For more than half century after conquering political ‘sovereignty’, there is an urgent need for African states to re-assess and re-adjust their assumptions, aims and attitudes. They need to sort out their assets and liabilities; in fact, they have just to face up the realities as vivid as they are without any simulation untended to please a western external force. This is more essential if African nations are to step on a firm foot, into this more demanding and challenging 21st century.

CONCLUSION

In Africa, we are not dead weak as we are been told. We are as of now (be it as it may) the greatest lovers of unity. The subject of African unity has fully fledged nowadays to all Africans. 56 Years after independence, we will all agree that Africa has taken a leap in the wrong direction and has disappointingly regressed. The standards of living, infrastructural development, life expectancy rates etc have all fallen drastically. There are conflicts in Somalia, CAR, Sudan, Congo (RDC), Uganda, famine in Zimbabwe, poverty in Cameroon, diseases in sub-Saharan Africa etc. We cannot even afford to name our problems. Without prejudices and intuitions, I presumably think that Africa is not the most hostile part of the world. If Africa takes a silver medal, then the Middle East will take gold.

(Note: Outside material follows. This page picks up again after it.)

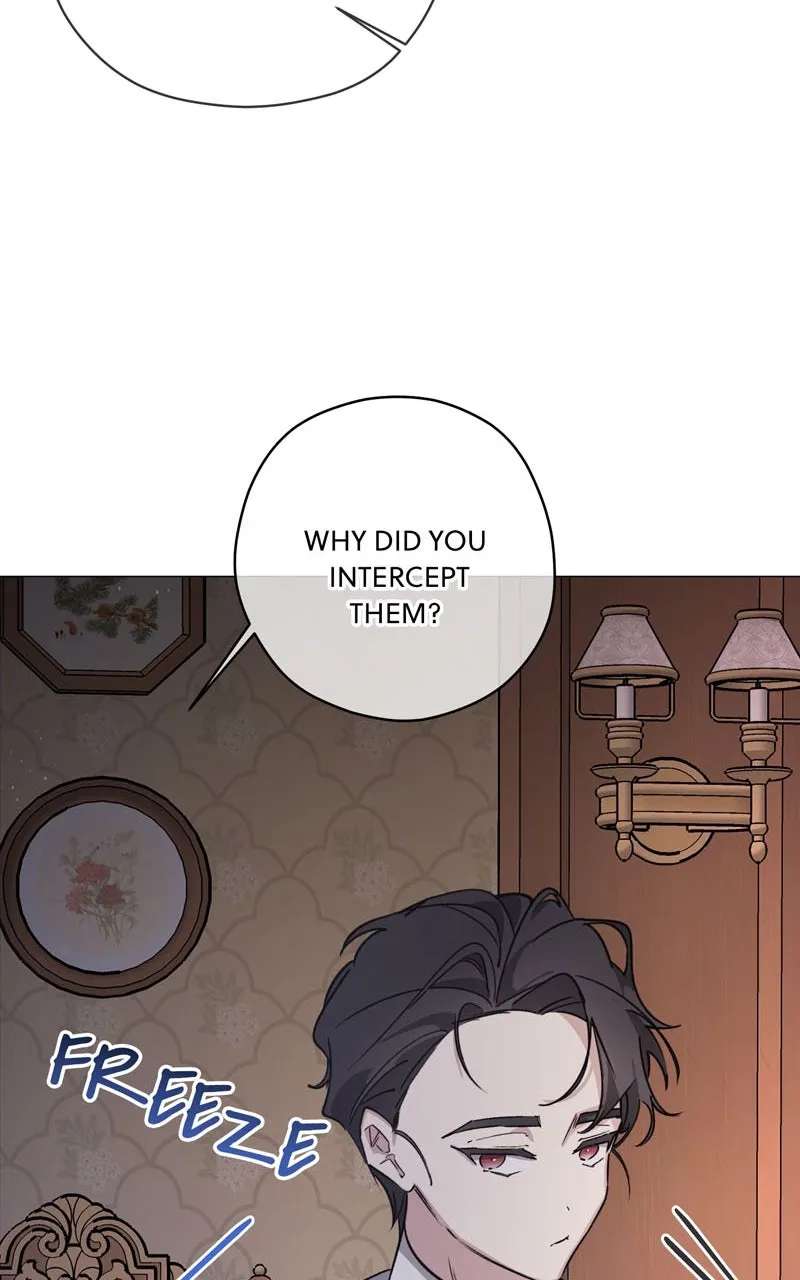 Duchess's Lo-FiCoffeehouse Chapter 27 - page 10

There is much we will and must win in unity than in division. Through it we can reduce continental exploitation by promoting the dreams of Kwame Nkruma, Ghadaffi and Mbeki. We can ensure that, our dreams are accomplished, visions attained, hope achieved. Brain drain will no longer be an issue, xenophobia will be buried, diseases conquered, famine eradicated with the millions of bread baskets African has. We shall produce and have a market for our products, America will be forced not only to teach us democracy ( as though it is a vaccine) but will also tell us how to produce cars, computers. If truly they love us, nobody will talk about aids, but technological empowerment.

Though with the atomicity of African societies, and the ever increasing identity of each group compounded by anthropological cleavages, the reality is still clear. My hypothesis is that, the creation of more stable states, through cultural and linguistic provision, conflict, famine, etc will be reduced. When this is achieved, the later will be African unity which will just be a bi-product. Thus, my perspective is inductive. “Charity begins from home”
Obama, told Americans on November 4th 2008 to believe in themselves and for their future. Africans need also to believe in their aptitude, to ensure a bright future for our children who are already in debts and on credit.